§ **EXERCISE DETAILS**
Print each entry as it appears. Images stay out of the copy.

§ **SOURCE RECORDS**
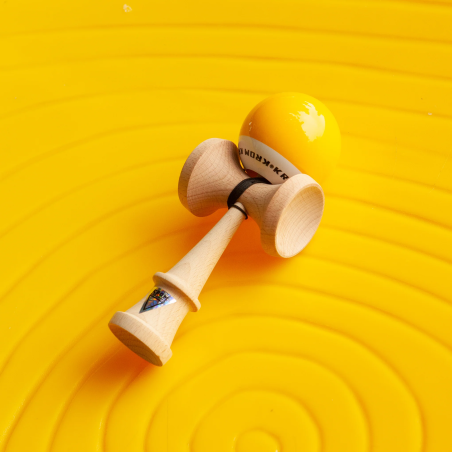 Kendama Krom Pop Lol Yellow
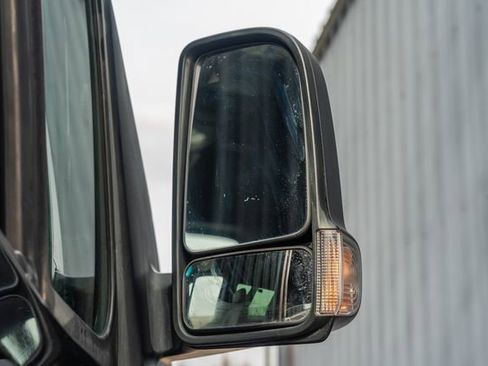 Used 2019 Mercedes-Benz Sprinter 2500 image 13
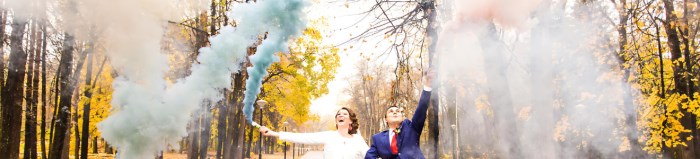 Fumigènes colorés : le must-have de vos photos de mariage ! - A la Une!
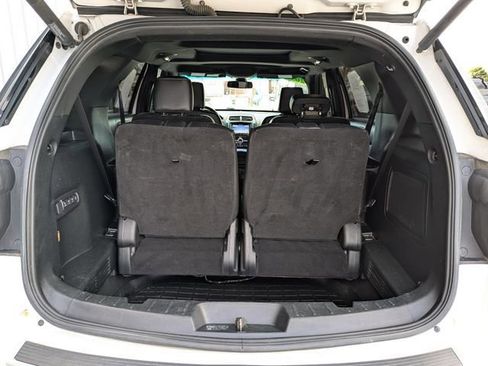 Used 2019 Ford Explorer Platinum AWD/4WD image 34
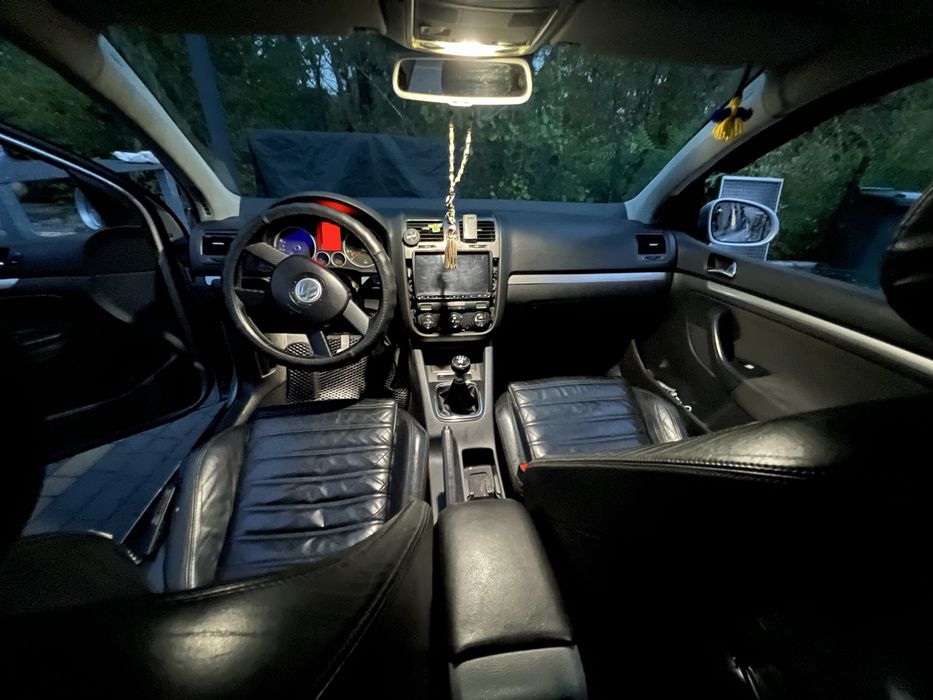 Volksvagen Golf  V(GTI) з легендарним двигуном  1.9tdi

§ **SOLVED EXERCISE**
 Kendama Krom Pop Lol Yellow
 Used 2019 Mercedes-Benz Sprinter 2500 image 13
 Fumigènes colorés : le must-have de vos photos de mariage ! - A la Une!
 Used 2019 Ford Explorer Platinum AWD/4WD image 34
 Volksvagen Golf  V(GTI) з легендарним двигуном  1.9tdi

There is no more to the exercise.